Stratégie de contournement

Enfin la modernisation

Dès l’été 1922, la situation s’améliore avec la fin de la crise : les ventes et les fabrications repartent, permettant de reprendre le plan de modernisation. Le succès de la Quadrilette est le déclencheur. « En deux mois », écrit Lemoine, « on est passé de l’apathie à l’engorgement. C’est inouï. »38 Dans l’urgence, il envoie à Clichy les carrosseries spéciales. Une nouvelle organisation se dessine : les petites voitures à Sochaux – aidée par Beaulieu et Audincourt devenues usines d’appoint –, les 18 CV à Issy et Clichy39. Ce nouveau schéma renforce la prépondérance des usines du Doubs et la spécialisation des ateliers parisiens dans les voitures puissantes. La montée en cadence des Quadrilette est étonnante : 350 exemplaires en novembre 1922, 400 en décembre, 600 en janvier, « en s’aidant de l’extérieur »40. Les 10 CV sont à 400 par mois, entre Beaulieu et Audincourt, les camionnettes à 100 et les bicyclettes à 120 000 par an. « Le retournement est net. Les usines tournent à plein collier. Nous devons être à 800 000 francs de bénéfices par mois, soit 10 MF par an. L’objectif est un chiffre d’affaires de 200 MF. »40

Le moment devient idéal pour enfin trouver le financement nécessaire à l’avenir. Robert Peugeot prend contact avec la Banque nationale de crédit et la Société générale : toutes deux acceptent des crédits de campagne, mais refusent d’aller plus loin. La frilosité reste totale. Robert dresse un constat désolant : « Comme nous ne pouvons ni augmenter notre capital, ni placer de nouvelles obligations, ni obtenir des découverts en banque suffisants, il convient de trouver toute solution financière susceptible de nous procurer, même à des conditions onéreuses, des ressources pour pouvoir travailler à plein régime toute l’année. L’argent n’a en ce moment plus de prix. »41 Lemoine et Willard appuient l’idée : ils savent que si Peugeot ne produit pas plus, la marque sera dépassée et « nos revendeurs partiront »42. Robert prend les devants et contacte Citroën43. Les discussions le conduisent vers Georges-Marie Haardt, vice-président de Citroën, et Lucien Rosengart, le financier. Haardt met Robert en contact avec la Compagnie française de constructions industrielles (CFCI) à laquelle il est lié. Il s’agit d’une société de portefeuilles – « dans une situation médiocre »44, selon le Crédit lyonnais – qui possède d’importantes participations dans des entreprises assez diverses45. Avec des prêts à plus de 13 %, son offre est exorbitante. « Le taux est prohibitif. », reconnaît Robert. « Mais si l’on calcule les avantages résultant d’une trésorerie mieux alimentée, on constate que l’offre de la CFCI ne doit pas être rejetée et même qu’elle mérite d'être étudiée sérieusement. »46 Les administrateurs et les directeurs s’interrogent. Alors que Robert observe, Pierre et Jules Peugeot semblent perplexes, Lemoine, Muret et Willard sont enthousiastes et Juillard est affolé. L’affaire est acceptée le 1er juin 1923.

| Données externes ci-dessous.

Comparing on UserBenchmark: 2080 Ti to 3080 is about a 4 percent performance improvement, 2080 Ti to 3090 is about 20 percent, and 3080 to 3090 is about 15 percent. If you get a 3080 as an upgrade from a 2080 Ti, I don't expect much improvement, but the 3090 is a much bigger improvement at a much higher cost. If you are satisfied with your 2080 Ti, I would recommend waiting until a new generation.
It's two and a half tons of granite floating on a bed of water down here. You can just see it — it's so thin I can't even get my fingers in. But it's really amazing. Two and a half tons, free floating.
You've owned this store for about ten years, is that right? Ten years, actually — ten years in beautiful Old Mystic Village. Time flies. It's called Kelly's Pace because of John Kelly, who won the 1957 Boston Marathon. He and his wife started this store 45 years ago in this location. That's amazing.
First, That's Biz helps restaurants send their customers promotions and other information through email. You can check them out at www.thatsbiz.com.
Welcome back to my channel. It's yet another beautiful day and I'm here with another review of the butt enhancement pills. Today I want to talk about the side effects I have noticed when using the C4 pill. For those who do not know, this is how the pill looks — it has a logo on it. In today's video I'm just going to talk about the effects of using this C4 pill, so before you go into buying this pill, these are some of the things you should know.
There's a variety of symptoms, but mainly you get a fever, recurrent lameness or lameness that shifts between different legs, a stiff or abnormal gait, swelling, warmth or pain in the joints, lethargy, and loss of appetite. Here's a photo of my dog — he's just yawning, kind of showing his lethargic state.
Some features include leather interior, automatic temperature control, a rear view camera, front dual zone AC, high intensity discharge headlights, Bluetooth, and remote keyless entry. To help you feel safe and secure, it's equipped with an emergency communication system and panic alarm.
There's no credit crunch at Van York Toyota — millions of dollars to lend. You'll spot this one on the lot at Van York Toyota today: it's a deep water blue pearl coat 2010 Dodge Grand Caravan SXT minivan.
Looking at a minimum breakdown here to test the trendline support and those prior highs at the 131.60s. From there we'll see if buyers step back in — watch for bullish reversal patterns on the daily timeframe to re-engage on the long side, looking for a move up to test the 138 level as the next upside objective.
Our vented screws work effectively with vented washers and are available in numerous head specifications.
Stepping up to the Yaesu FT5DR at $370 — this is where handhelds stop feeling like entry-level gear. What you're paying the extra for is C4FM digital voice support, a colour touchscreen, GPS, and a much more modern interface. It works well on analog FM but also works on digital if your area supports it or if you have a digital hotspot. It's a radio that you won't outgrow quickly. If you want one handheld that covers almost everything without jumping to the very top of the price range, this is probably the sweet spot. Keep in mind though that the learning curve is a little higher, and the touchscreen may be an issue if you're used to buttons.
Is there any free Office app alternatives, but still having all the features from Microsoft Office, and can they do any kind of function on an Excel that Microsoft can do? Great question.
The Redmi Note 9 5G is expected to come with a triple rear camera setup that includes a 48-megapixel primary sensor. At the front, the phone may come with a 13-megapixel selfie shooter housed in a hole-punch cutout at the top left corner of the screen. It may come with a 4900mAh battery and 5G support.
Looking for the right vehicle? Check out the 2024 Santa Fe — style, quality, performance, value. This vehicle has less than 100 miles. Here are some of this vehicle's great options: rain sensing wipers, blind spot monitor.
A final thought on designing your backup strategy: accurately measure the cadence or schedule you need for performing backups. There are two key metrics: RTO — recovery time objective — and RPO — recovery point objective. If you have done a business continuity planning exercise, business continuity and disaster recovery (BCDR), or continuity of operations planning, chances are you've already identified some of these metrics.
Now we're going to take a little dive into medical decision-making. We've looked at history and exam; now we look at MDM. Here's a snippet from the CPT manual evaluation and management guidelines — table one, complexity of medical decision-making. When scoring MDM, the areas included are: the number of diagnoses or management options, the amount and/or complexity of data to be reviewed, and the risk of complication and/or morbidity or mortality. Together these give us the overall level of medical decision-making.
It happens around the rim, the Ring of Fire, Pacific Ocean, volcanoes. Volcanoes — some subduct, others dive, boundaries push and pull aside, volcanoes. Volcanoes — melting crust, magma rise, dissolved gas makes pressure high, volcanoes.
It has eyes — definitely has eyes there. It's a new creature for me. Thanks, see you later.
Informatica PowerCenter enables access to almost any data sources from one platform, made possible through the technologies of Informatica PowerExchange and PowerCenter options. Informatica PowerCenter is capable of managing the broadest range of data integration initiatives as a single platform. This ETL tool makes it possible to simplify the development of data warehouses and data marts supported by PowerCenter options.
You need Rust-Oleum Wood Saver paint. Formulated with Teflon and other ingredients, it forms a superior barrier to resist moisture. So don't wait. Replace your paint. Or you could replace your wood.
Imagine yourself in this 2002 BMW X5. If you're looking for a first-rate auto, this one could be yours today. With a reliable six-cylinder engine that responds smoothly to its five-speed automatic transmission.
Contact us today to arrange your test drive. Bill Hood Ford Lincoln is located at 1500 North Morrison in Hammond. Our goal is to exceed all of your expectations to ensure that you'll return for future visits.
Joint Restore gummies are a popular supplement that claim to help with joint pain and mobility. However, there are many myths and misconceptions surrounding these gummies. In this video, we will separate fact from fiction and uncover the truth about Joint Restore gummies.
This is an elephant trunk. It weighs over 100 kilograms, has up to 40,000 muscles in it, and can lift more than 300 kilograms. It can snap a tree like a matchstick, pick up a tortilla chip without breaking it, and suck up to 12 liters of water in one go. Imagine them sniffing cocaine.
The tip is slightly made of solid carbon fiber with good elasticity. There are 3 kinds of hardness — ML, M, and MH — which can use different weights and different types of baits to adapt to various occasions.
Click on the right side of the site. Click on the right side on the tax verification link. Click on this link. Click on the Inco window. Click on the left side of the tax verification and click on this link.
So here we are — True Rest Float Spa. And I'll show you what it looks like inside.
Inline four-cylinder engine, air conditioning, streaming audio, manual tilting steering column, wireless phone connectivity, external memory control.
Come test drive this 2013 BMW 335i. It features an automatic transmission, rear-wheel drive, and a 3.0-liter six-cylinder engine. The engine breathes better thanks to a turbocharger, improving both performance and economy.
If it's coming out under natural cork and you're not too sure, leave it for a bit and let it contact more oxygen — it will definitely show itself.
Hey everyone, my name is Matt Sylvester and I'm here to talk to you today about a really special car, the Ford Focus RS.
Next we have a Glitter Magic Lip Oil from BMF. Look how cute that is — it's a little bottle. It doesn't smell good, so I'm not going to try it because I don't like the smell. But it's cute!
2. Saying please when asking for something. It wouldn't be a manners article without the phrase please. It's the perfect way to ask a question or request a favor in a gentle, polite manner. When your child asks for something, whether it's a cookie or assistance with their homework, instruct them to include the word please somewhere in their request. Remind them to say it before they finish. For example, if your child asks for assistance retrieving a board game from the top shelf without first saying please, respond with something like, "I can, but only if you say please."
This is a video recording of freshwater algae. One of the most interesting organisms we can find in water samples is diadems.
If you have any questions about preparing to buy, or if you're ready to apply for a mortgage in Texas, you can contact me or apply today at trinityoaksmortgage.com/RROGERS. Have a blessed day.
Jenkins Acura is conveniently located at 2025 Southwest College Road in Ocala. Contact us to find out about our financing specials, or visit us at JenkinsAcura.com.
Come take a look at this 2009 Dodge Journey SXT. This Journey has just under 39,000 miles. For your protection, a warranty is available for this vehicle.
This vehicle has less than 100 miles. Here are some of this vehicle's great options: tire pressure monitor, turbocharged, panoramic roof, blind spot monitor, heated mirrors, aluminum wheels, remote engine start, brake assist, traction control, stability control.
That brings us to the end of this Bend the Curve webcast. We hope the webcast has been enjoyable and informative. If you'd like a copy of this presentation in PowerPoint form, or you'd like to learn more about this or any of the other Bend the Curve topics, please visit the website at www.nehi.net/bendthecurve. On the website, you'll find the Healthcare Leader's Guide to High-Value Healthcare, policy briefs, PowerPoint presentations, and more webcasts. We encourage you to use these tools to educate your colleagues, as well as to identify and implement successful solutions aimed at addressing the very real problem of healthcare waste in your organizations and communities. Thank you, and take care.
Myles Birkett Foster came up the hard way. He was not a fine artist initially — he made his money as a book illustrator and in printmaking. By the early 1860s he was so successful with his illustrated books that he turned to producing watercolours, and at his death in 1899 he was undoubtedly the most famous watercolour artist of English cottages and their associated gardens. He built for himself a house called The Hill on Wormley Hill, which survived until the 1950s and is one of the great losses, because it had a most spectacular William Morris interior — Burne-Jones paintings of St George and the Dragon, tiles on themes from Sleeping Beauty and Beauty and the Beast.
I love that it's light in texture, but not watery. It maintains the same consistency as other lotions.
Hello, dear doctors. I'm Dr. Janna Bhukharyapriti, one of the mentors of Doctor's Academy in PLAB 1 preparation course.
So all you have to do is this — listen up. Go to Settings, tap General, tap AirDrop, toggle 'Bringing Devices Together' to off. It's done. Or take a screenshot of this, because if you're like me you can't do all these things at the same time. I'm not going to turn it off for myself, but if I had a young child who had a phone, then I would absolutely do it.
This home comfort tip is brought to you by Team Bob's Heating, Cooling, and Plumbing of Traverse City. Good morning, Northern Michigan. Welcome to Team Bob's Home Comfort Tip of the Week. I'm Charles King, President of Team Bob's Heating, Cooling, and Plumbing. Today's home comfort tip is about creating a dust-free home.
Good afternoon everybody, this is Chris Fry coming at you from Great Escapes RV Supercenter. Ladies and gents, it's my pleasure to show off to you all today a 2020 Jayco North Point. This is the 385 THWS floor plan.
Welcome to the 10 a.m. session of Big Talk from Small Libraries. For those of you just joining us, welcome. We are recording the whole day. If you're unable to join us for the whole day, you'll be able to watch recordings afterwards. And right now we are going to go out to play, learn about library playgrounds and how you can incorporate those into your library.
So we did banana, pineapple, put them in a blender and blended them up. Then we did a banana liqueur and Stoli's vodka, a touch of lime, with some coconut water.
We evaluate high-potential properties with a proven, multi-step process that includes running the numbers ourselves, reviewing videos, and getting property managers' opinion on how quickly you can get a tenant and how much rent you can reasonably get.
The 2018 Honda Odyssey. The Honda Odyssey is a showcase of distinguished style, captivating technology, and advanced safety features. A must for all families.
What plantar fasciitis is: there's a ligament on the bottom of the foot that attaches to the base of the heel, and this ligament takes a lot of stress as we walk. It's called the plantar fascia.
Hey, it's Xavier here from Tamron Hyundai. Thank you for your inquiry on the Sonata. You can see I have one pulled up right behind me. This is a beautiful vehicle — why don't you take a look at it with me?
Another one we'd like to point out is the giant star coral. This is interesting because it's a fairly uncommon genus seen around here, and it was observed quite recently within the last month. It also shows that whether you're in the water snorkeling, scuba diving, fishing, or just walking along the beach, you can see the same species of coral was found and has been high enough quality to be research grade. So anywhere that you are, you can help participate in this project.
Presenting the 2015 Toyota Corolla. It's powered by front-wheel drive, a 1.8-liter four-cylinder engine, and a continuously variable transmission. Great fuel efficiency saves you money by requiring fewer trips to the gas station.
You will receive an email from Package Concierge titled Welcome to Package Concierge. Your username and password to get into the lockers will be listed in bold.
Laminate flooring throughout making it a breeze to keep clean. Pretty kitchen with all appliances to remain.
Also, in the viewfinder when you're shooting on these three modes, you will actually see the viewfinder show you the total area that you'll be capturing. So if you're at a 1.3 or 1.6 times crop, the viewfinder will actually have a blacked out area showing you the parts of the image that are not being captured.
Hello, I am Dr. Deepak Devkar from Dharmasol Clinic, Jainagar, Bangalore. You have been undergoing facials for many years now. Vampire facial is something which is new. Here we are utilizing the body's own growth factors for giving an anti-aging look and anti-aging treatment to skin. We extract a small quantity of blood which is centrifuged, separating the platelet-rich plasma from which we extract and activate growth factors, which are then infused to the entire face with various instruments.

Trois mois plus tard, Rosengart passe à l’offensive. En froid avec Citroën, il propose à Robert Peugeot le même montage qui a permis à la firme du quai de Javel de se hisser au sommet de la profession : avancer de l’argent sur la production de voitures achevées et mises sous warrants47. La SAACP accepte, écartant aussitôt une CFCI mort-née48. Le 18 janvier 1924, Rosengart crée la société financière SEDIA (Société d’extension de l’industrie automobile)49, destinée à ouvrir des crédits à la SAACP. Le financement de cette dernière est donc assuré, mais au prix fort, 2 % de plus que le taux de la Banque de France, soit 12 % au moment de la signature. De 1924 à 1927, la SEDIA va avancer 72 MF à Peugeot sur ses fonds propres et ses bailleurs de fonds, la Banque nationale de crédit, la Société générale, la banque Bénard et, plus tard, d’autres établissements50. Le warrantage des voitures neuves stockées dans les entrepôts est directement géré par la SEDIA (Henri, 1983) ! C’est la clé de la réorganisation des usines que Robert envisage depuis la Grande Guerre, le point de départ du « Grand Sochaux ». Une installation intégrée, allant de la matière à la voiture finie, construite autour de cinq usines : forge, fonderie, mécanique, tôlerie et carrosserie. Grâce à la SEDIA, mais aussi à ses propres fonds, Peugeot achève le puzzle de la modernisation de la SAACP.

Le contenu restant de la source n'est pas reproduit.